• **Task goal**:
An exact copy of every entry is needed, with no images.

• **Supplied data**:

◇ ◇ ◇ ◇ ◇

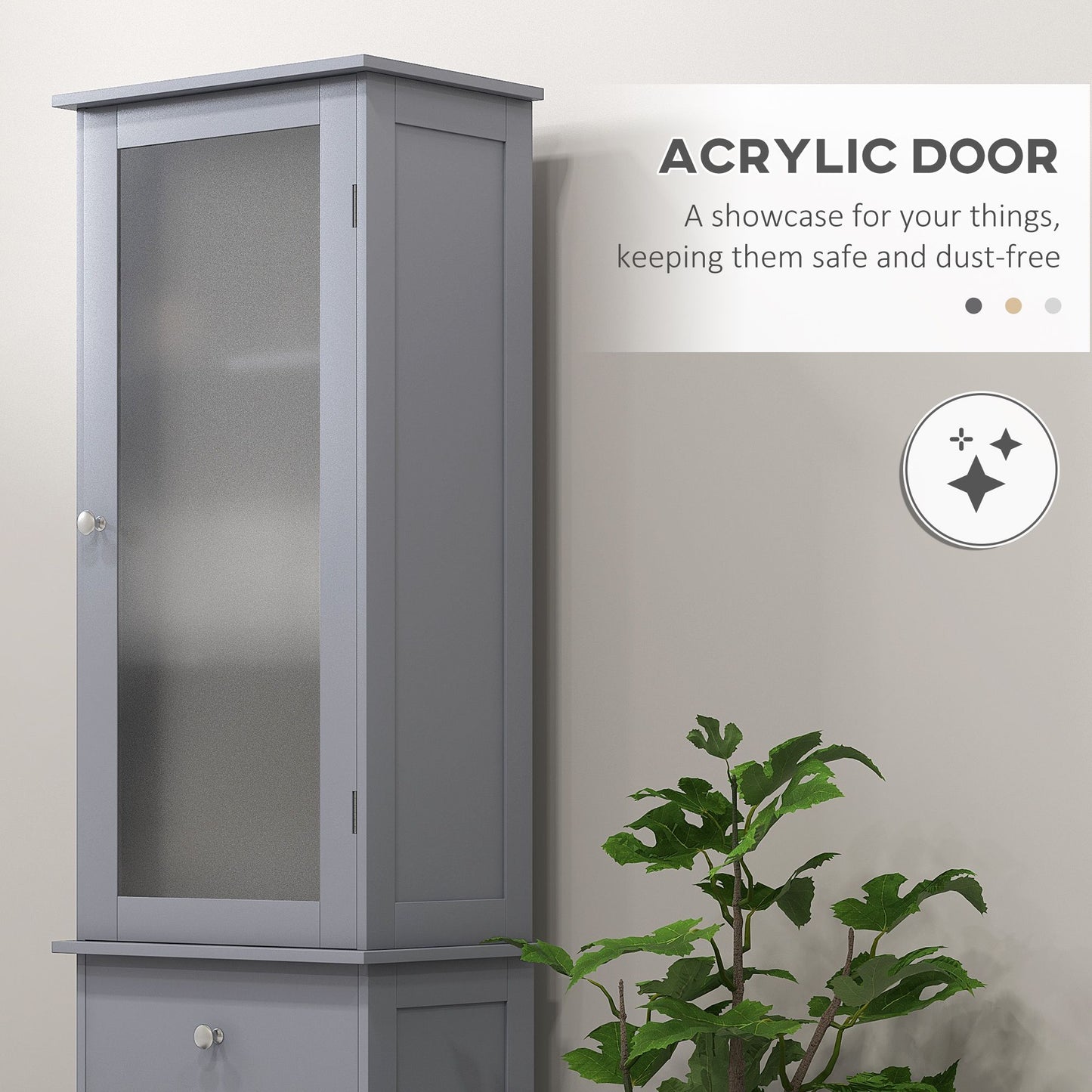 Tall Bathroom Cabinet, Bathroom Storage Cabinet with Drawers, 2 Doors and Adjustable Shelves, Grey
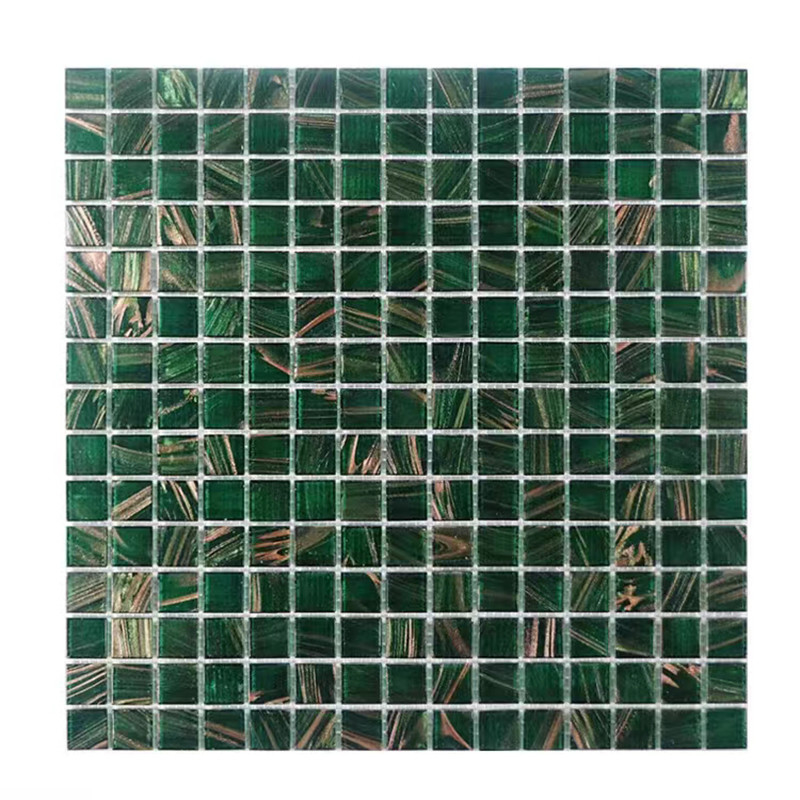 Klassischer Retro-Stil Grüne Glas Mosaikfliesen mit Goldlinie Badezimmer Toilette Hintergrund Wandfliesen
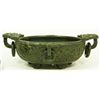 Image 5 : CHINESE SPINACH GREEN JADE MARRIAGE BOWL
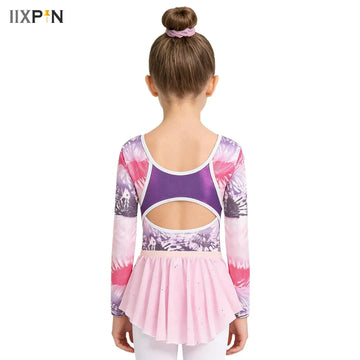 Kids Girls Long Sleeve Patchwork Print Rhinestones Ballet Stage Bodysuit Lyrical Mesh Gymnastics Ballet Dance Leotard+Skirts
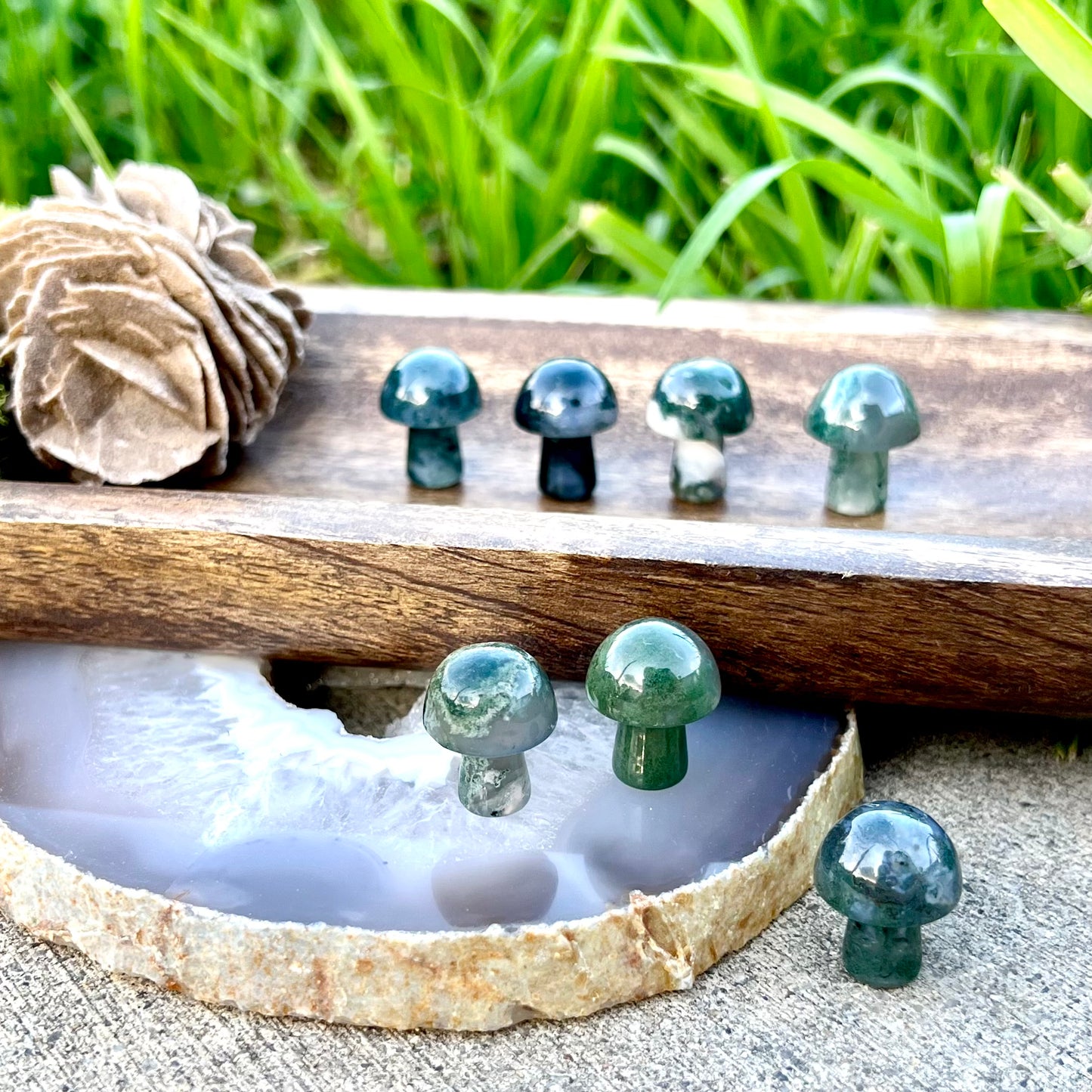 Moss Agate Mini Mushroom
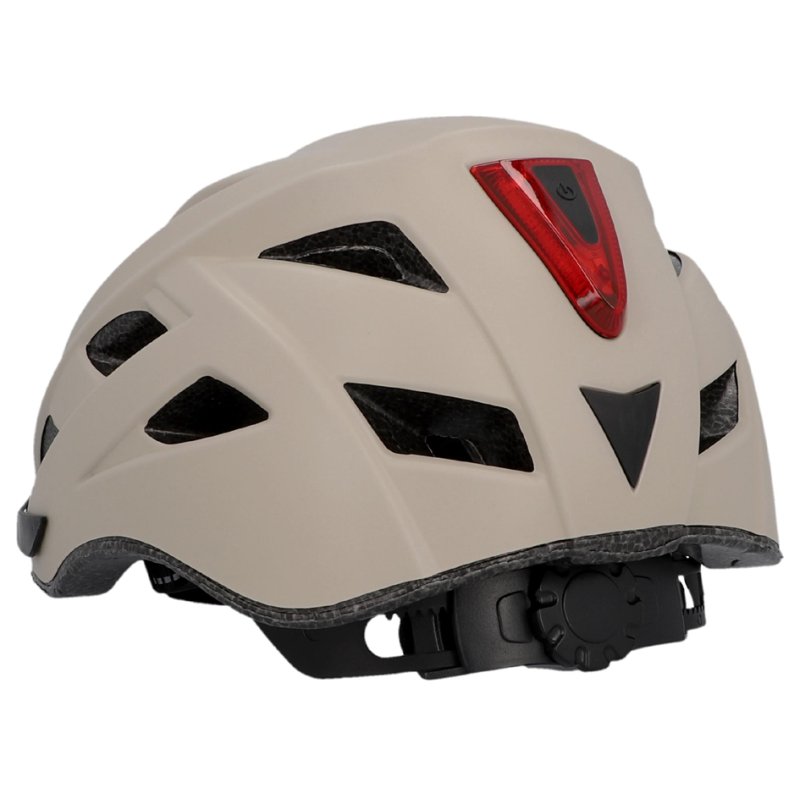 FISCHER bicycle helmet Urban Plus Dallas, beige, size S/M, integrated rear light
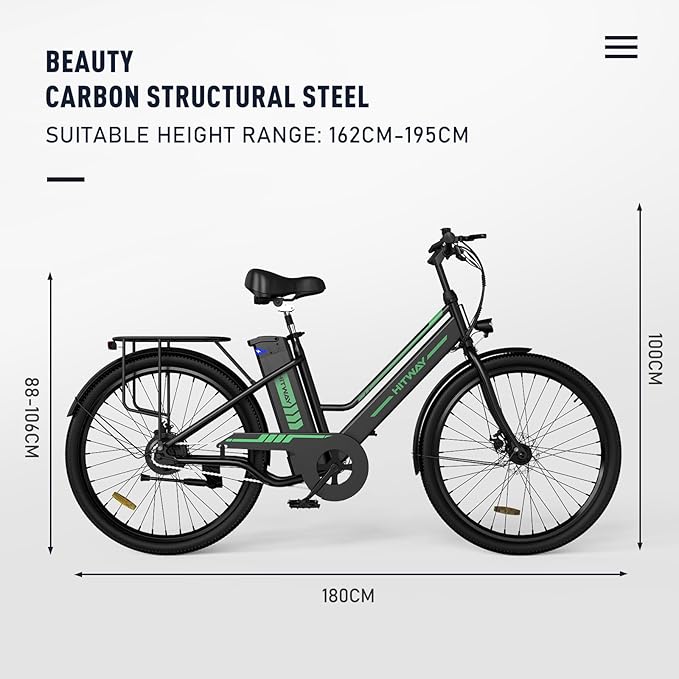 HITWAY Electric Bikes BK8S | 8.4Ah | 37 miles  | 15.5mph - Black/White/Blue - SparkoBikes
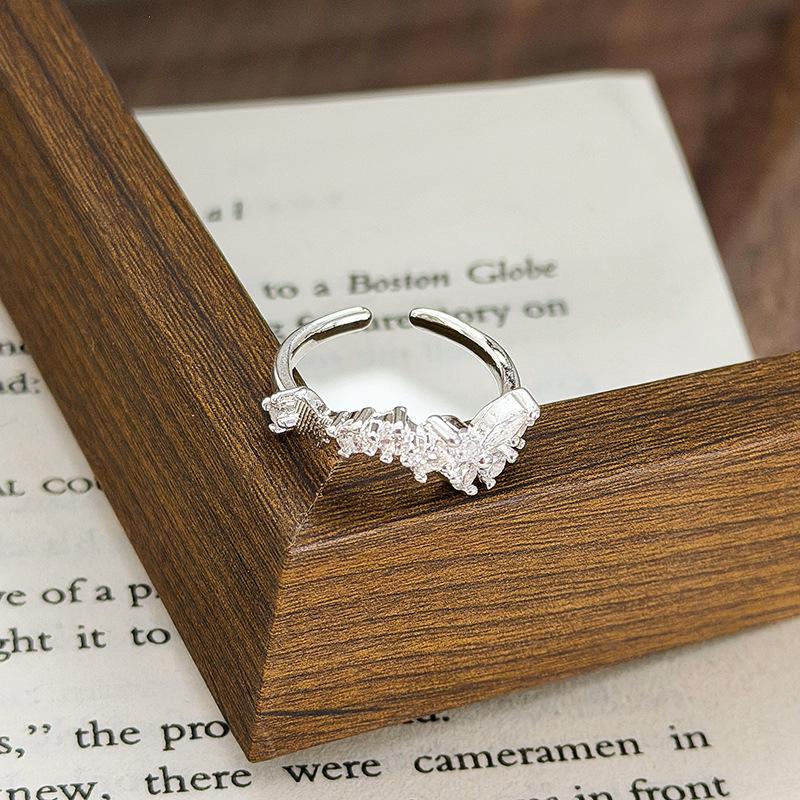 French Lace Super Flash Zircon Circle Open Ring Female Niche Light Luxury High Sense Fairy Stacked Ring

◇ ◇ ◇ ◇ ◇

• **Response**:
 Tall Bathroom Cabinet, Bathroom Storage Cabinet with Drawers, 2 Doors and Adjustable Shelves, Grey
 Klassischer Retro-Stil Grüne Glas Mosaikfliesen mit Goldlinie Badezimmer Toilette Hintergrund Wandfliesen
 Image 5 : CHINESE SPINACH GREEN JADE MARRIAGE BOWL
 Kids Girls Long Sleeve Patchwork Print Rhinestones Ballet Stage Bodysuit Lyrical Mesh Gymnastics Ballet Dance Leotard+Skirts
 Moss Agate Mini Mushroom
 FISCHER bicycle helmet Urban Plus Dallas, beige, size S/M, integrated rear light
 HITWAY Electric Bikes BK8S | 8.4Ah | 37 miles  | 15.5mph - Black/White/Blue - SparkoBikes
 French Lace Super Flash Zircon Circle Open Ring Female Niche Light Luxury High Sense Fairy Stacked Ring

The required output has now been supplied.